Margins -- the amount of collateral banks require in case a counterparty fails to pay -- also have increased, making trades more expensive, two people said.
“As a matter of policy we do not comment on fees,” Scott Helfman, a spokesman at the New York-based bank, said in an e-mailed statement. Sanjay Madgavkar runs the business for Citigroup and reports to the global head of foreign-exchange and local markets, Nadir Mahmud.
Some of the world’s biggest currency dealers are preparing to charge for other services as well. Barclays Plc, Deutsche Bank AG and JPMorgan Chase & Co. have told customers in recent weeks they may impose fees for trades executed at the WM/Reuters rates, including the 4 p.m. London fix, people familiar with the matter said earlier this week. Citigroup is weighing similar plans, one of the people said.
That move follows a September report from the Financial Stability Board, a body made up of global regulators, which recommended banks introduce a transparent pricing mechanism on such trades to remove the incentive for dealers to manipulate the benchmark to make a profit. Clients have until now been able to trade at the WM/Reuters rates at no charge.

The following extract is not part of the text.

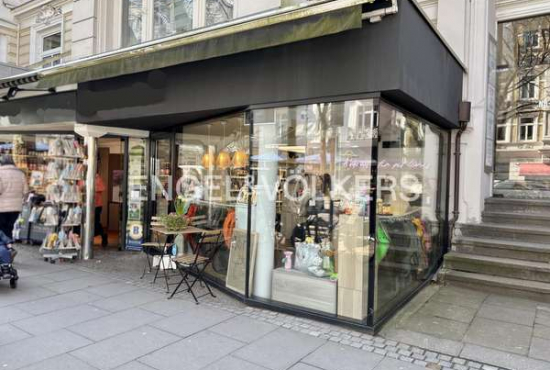 Hamburg , Ladenlokal, Gastronomie mieten oder kaufen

Citigroup paid the heftiest penalty in November when regulators in the U.S. and Europe fined six banks a total of $4.3 billion. Investigators found traders colluded to rig currency benchmarks and boost their own profits at the expense of pensioners, investors, companies and ordinary citizens. Criminal probes of banks are still pending in the U.S.
The fight to provide prime-brokerage services in the currency market had driven down prices in recent years, leading some banks to scale back and allowing others to build market share. The big winners in the shakeout were Citigroup, as well as Deutsche Bank and JPMorgan, according to Paz.

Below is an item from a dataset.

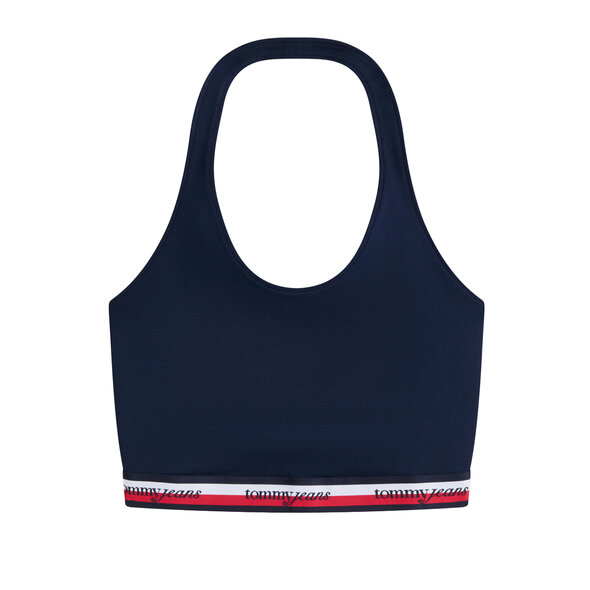 TOMMY HILFIGER TJW HALTERNECK TOP ΓΥΝΑΙΚΕΙΟ DW0DW22811-C1G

Last year Citigroup also ended Frankfurt-based Deutsche Bank’s nine-year reign as the top currency trader in the annual Euromoney Institutional Investor Plc survey.
Currency prime brokerage can be a risky business.
The Swiss central bank’s surprise decision last month to let the franc trade freely against the euro triggered a spike in the nation’s currency and losses at Citigroup. The bank had magnified its exposure by failing to renew offsetting hedges a week earlier, people with knowledge of the situation said last month.
Citigroup also provided services including credit to FXCM Inc., the largest U.S. retail foreign-exchange brokerage, which almost failed as clients were stung by the franc’s swing. A $300 million bailout from Leucadia National Corp., owner of investment bank Jefferies Group LLC, saved FXCM from violating capital requirements.